▶ EXERCISE DETAILS:
Here is the listing. Print it exactly.

▶ SUPPLIED DATA:
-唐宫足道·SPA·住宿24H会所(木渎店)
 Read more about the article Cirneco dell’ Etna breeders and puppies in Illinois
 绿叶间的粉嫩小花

▶ ANSWER:
-唐宫足道·SPA·住宿24H会所(木渎店)
 Read more about the article Cirneco dell’ Etna breeders and puppies in Illinois
 绿叶间的粉嫩小花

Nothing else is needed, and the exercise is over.